Original publication: Shin J*, Götz P*, Sharif N, Sola-Sevilla N, Grasmuck C, Schraad M, Pape K, Muthuraman M, Fleischer V, Zandee SE, Bittner S, Vogelaar CF, Prat A, Hanuscheck N, Zipp F. Bruton’s tyrosine kinase inhibitors rescue neuronal impairment caused by B cell–mediated lymphotoxin-α release. Science Translational Medicine 2025, 17(822). doi: 10.1126/scitranslmed.adx2652.

Julian Wagner – Endothelial ZBTB16: a molecular shield against cardiac ageing 

Dr Julian Wagner is a biologist who has been leading a junior research group at the Institute for Cardiac Regeneration in the Faculty of Medicine at Goethe University Frankfurt since February 2024. In his work, he identified the protein ZBTB16 as a key regulator of cardiac ageing. ZBTB16 is found predominantly in the cardiac endothelium – the cells that line the walls of blood vessels and form an essential component of heart tissue. Julian Wagner observed that levels of ZBTB16 in these cells decline during ageing. He was able to show that this decline accelerates the ageing of the cardiac endothelium and gives rise to functional impairments of the heart that are typical of old age. Increasing the expression of ZBTB16 in aged mice prevented the progression of age-related processes. His findings suggest that ZBTB16 in the cardiac endothelium regulates the function of heart tissue through so-called paracrine signals between the endothelium and other cells of the heart. In doing so, he has uncovered a previously unknown mechanism of action that could open up new treatment approaches for age-related heart disease.

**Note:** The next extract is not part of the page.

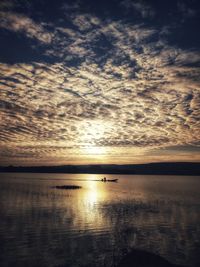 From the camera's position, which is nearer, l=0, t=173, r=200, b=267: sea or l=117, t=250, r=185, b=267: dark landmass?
l=117, t=250, r=185, b=267: dark landmass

Original publication: Stilz KA, Leonard VE, Rodriguez Morales D, Glaser S, Larcher V, Ruz Jurado M, Malacarne PF, Manickam N, Tombor LS, Abplanalp WT, Panthel J, Kujundzic H, Fischer A, Schmitz K, Mueller OJ, Hille S, Kupatt C, Bozoglu T, Sami H, Ogris M, Procida-Kowalski T, Bartkuhn M, John D, Yekelchyk M, Schmachtel T, Rieger MA, Pham M, Krishnan JA, Guenther S, Brandes RP, Braun T, Zeiher AZ, Wagner JUG#, Dimmeler S#. Endothelial ZBTB16: a molecular shield against cardiac aging. European Heart Journal 2026, ehaf1063. doi: 10.1093/eurheartj/ehaf1063.